In Albania ha svolto vari mestieri lavorando come operaio, guardia di campagna, magazziniere, ragioniere, operaio di bonifica, due anni come militare con gli ex-detenuti, insegnante di letteratura alle superiori dopo il crollo del regime comunista; mentre in Italia ha lavorato come pulitore di stalle, zappatore, manovale, aiuto tipografo. Attualmente vive di conferenze e lezioni presso l’università in Italia e all’estero dove si studia la sua opera.

Nell’inverno del 1991, Hajdari è tra i fondatori del Partito Democratico e del Partito Repubblicano della città di Lushnje, partiti d’opposizione, e viene eletto segretario provinciale per i repubblicani nella suddetta città. È cofondatore del settimanale di opposizione Ora e Fjalës, nel quale svolge la funzione di vice direttore. Allo stesso tempo scrive sul quotidiano nazionale Republika. Più tardi, nelle elezioni politiche del 1992, si presenta come candidato al parlamento nelle liste del PRA.

Nel corso della sua intensa attività di esponente politico e di giornalista d’opposizione, ha denunciato pubblicamente e ripetutamente i crimini, gli abusi, la corruzione e le speculazioni della vecchia nomenclatura di Hoxha e della più recente fase post-comunista. Anche per queste ragioni, a seguito di ripetute minacce subite, è stato costretto, nell’aprile del 1992, a fuggire dal proprio paese.

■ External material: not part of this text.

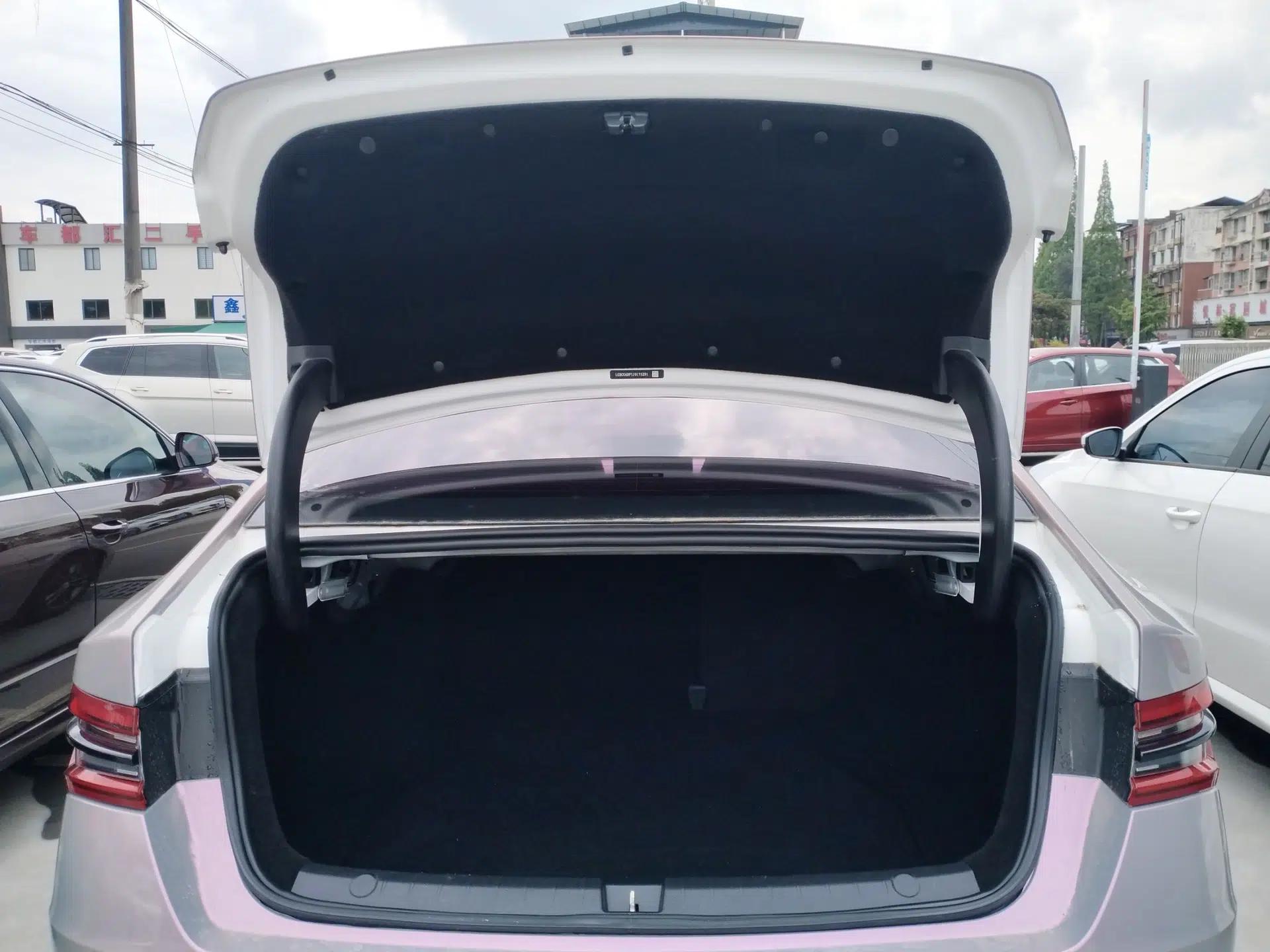 BYD Qin Pro 2018 1.5TI Automatic Smart Connect FENGSHANG Model — миниатюра 22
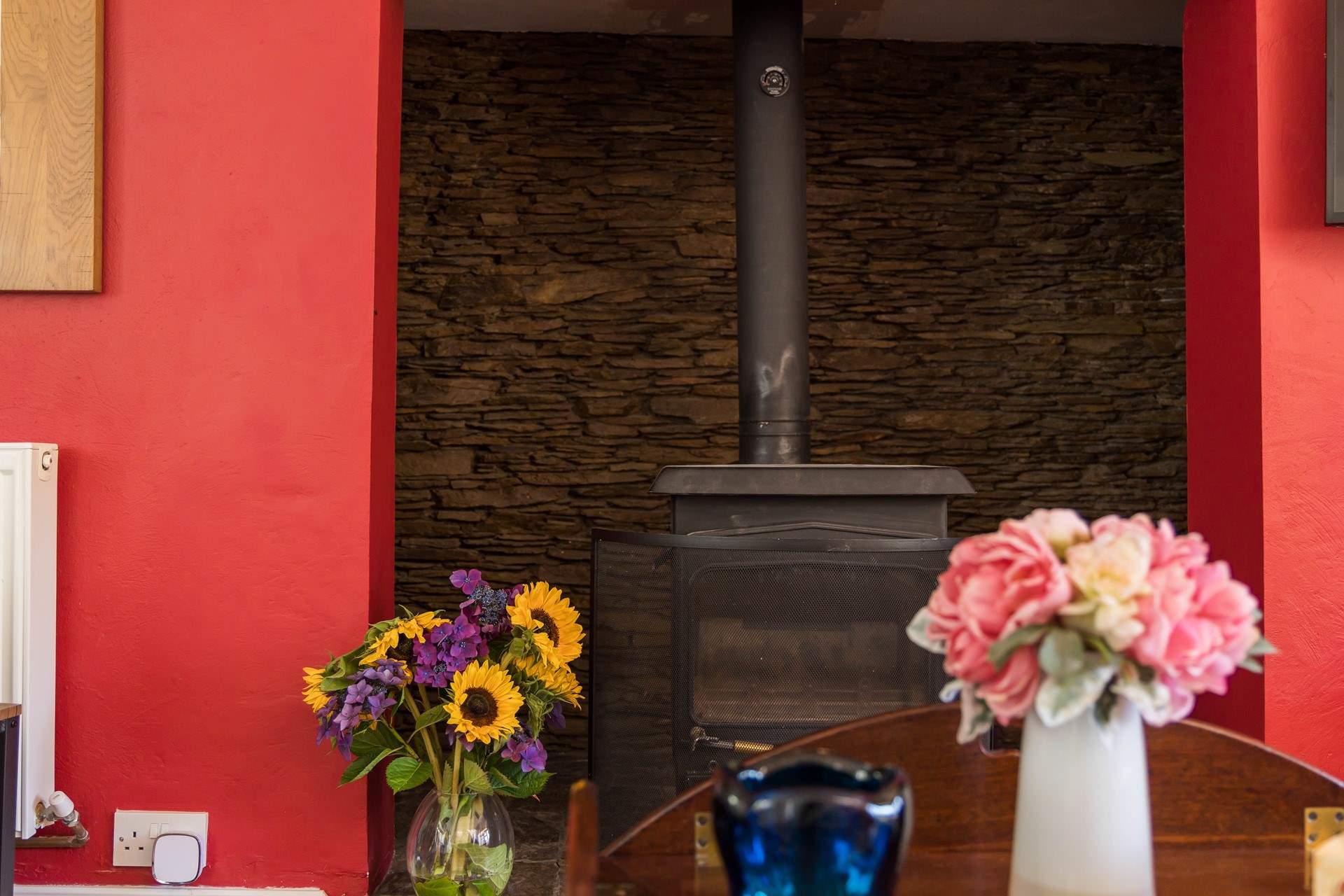 Huddle around the charming wood-burner in the cold winter evenings.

La sua attività letteraria si svolge all’insegna del bilinguismo, in albanese e in italiano. Ha tradotto vari autori. La sua poesia è stata tradotta in diverse lingue. È stato invitato a presentare la sua opera in vari paesi del mondo, ma non in Albania. Anzi, la sua opera, è stata ignorata cinicamente dalla mafia politica e culturale di Tirana.

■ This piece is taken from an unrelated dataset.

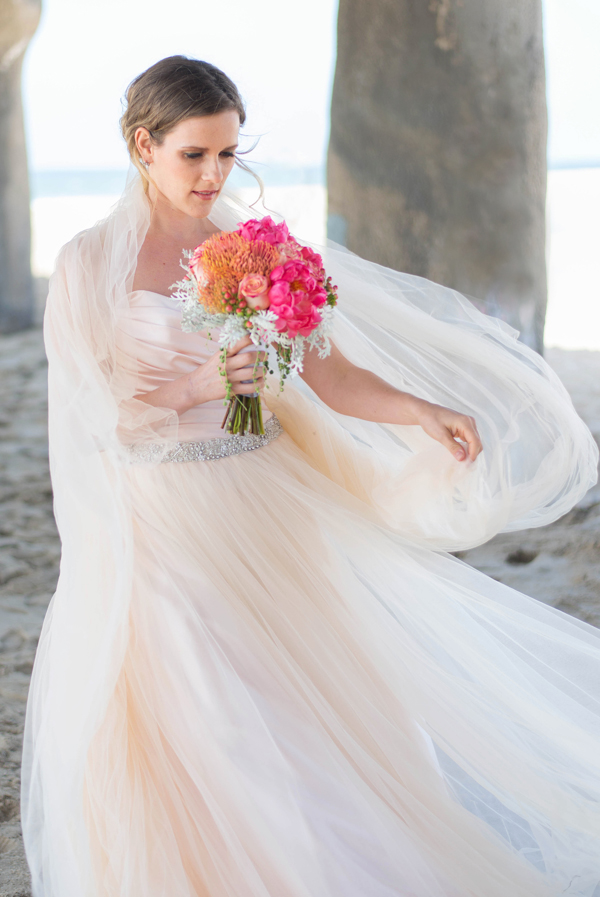 beach-chic-wedding-inspiration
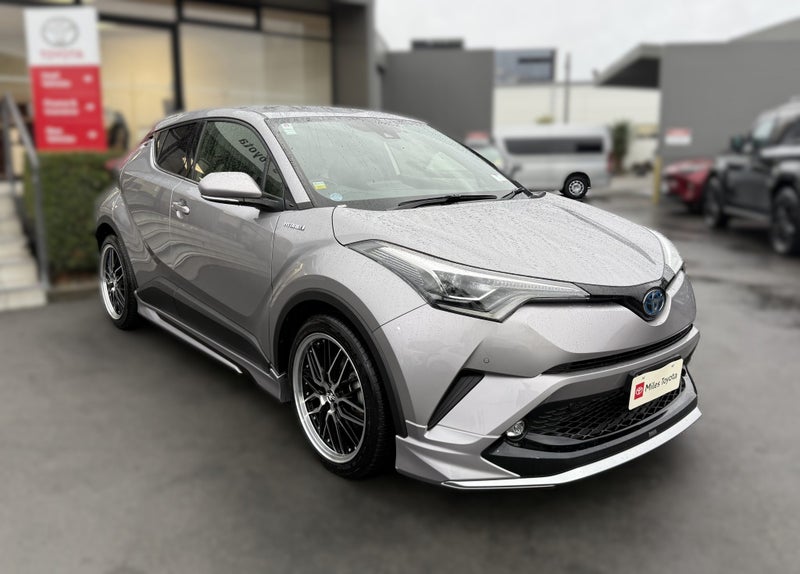 2019 Toyota C-HR Hybrid G, Leather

È presidente del Centro Internazionale Eugenio Montale e cittadino onorario per meriti letterari della città di Frosinone.

Dirige la collana di poesia “Erranze” per l’editore Ensemble di Roma. È presidente onorarario della rivista internazionale on line “Patria Letteratura” (Roma), nonché membro del comitato internazionale della Revue électronique “Notos” dell’Université Paul-Valery, Montpellier 3. Considerato tra i maggiori poeti viventi, ha vinto numerosi premi letterari. Dal 1992, vive come esule in Italia. Le sue recenti pubblicazioni sono: I canti dei nizam, Besa 2012; Nur. Eresia e besa, Ensemble, 2012; Evviva il canto del villaggio comunista, Besa, 2013; Poesie scelte, Controluce, 2014 e Delta del tuo fiume, Ensemble, 2015.